There is indeed much that’s topical in this fast-paced little comedy-drama: investment scams, stock market debacles, the infotainment of TV and cable news, global banking, income inequality, suicide bombers and violent protest, the round-the-clock bombardments of digital media, etc. But Foster and company have taken considerable care in making sure that the satire and irony in this scenario remain pretty much at the service of entertainment, and not the other way around.
Clooney plays the lubricious and narcissistic star of the besieged cable news show, and Roberts is the quick-witted director in the control room, scrambling to keep Lee Gates (Clooney), his furious young captor Kyle Budwell (Jack O’Connell) and the ongoing broadcast itself from spinning further into chaos. Meanwhile, SWAT teams and crisis specialists under the sober command of the lordly Capt. Powell (Giancarlo Esposito) are plotting the “extraction” of Kyle and his weapons.

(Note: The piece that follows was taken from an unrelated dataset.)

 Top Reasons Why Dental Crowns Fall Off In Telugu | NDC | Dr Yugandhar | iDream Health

Foster gives particularly close attention to Roberts’ performance, in a role that is central even though it involves very little physical action. Clooney gets plenty of half-ironic physical action within much the same restricted circumstances, but nothing to match the precision and conviction Foster shows in fine-tuned reaction shots and rapid-fire decision-making.

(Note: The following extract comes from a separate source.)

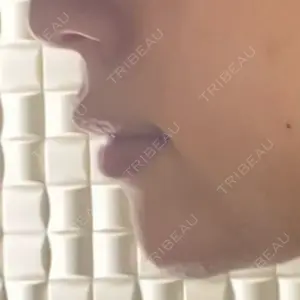 アネシス美容クリニック口コミ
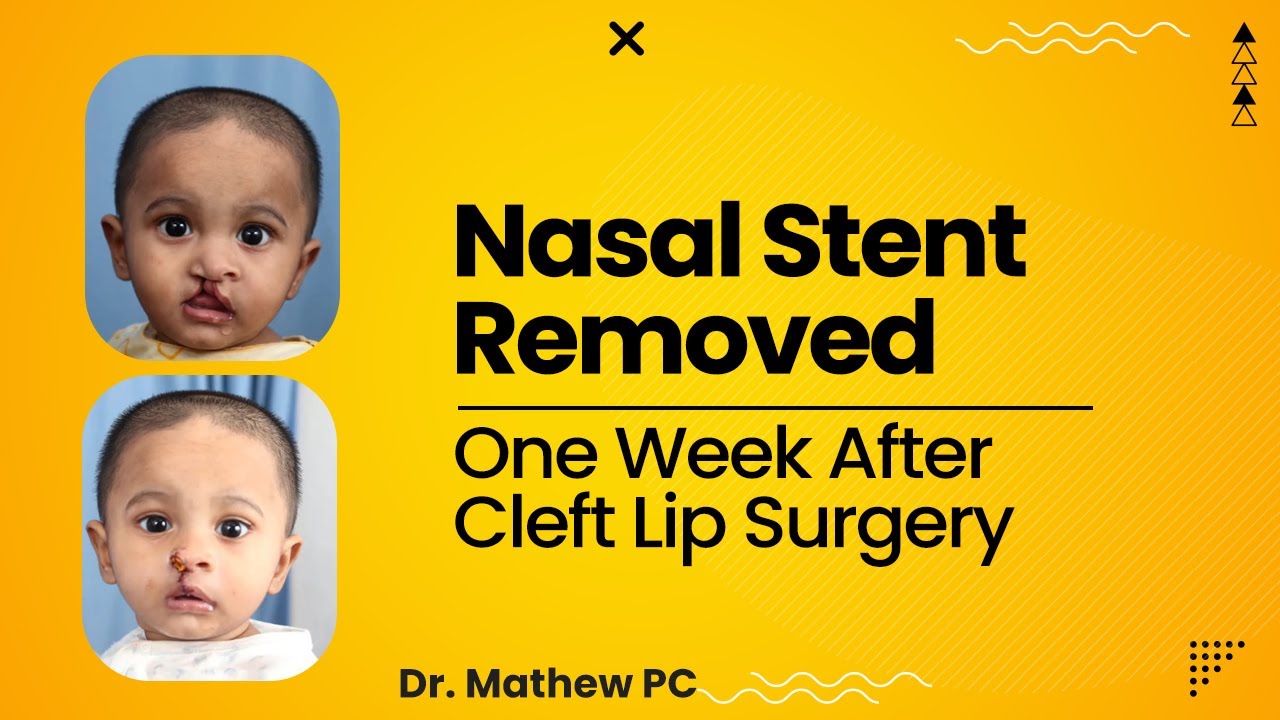 Nasal Stent Removed One Week After Cleft Lip Surgery In India Dr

O’Connell (Starred Up, ’71, Unbroken), who is English/Irish, manages a credible East Coast working-class accent. Esposito’s Capt. Powell has the calm authority of a kind of exotic royalty.

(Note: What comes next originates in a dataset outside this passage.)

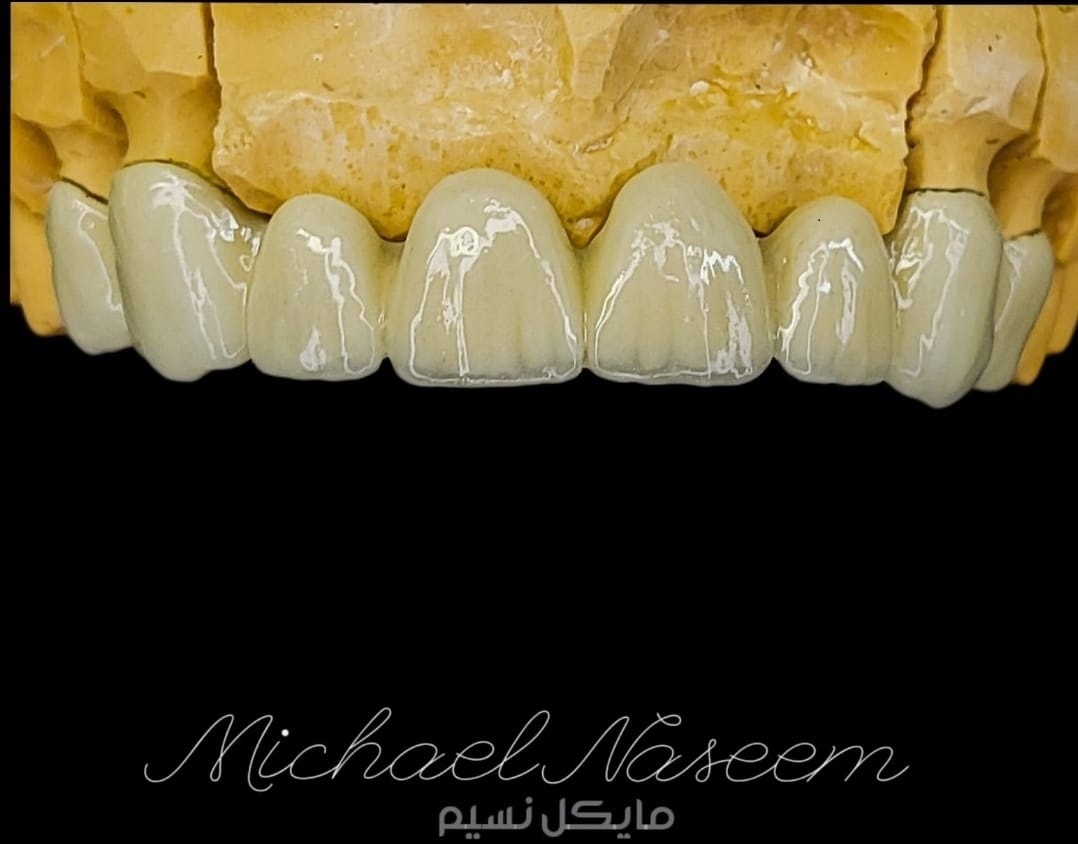 dental ceramic for crown and bridge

Dominic West and Dennis Boutsikaris are good as two different kinds of scoundrel financiers, but neither is a match for Caitriona Balfe’s gently stinging rendering of the publicity assistant who gets the satisfaction of exposing them both.
Christopher Denham is good in spite of a role (as Gates’ overworked assistant) that overindulges the slapstick comedy elements in ostensibly satirical moments. Emily Meade, as Budwell’s estranged lover, is a terror in her moment as a reality-TV femme fatale. Lenny Venito gets the maximum out of a tiny part as a doggedly devoted cameraman named Lenny.
Overall, Money Monster alludes to a laundry list of political and economic controversies, but ends up backing away from its own potential for a more scathing kind of satire.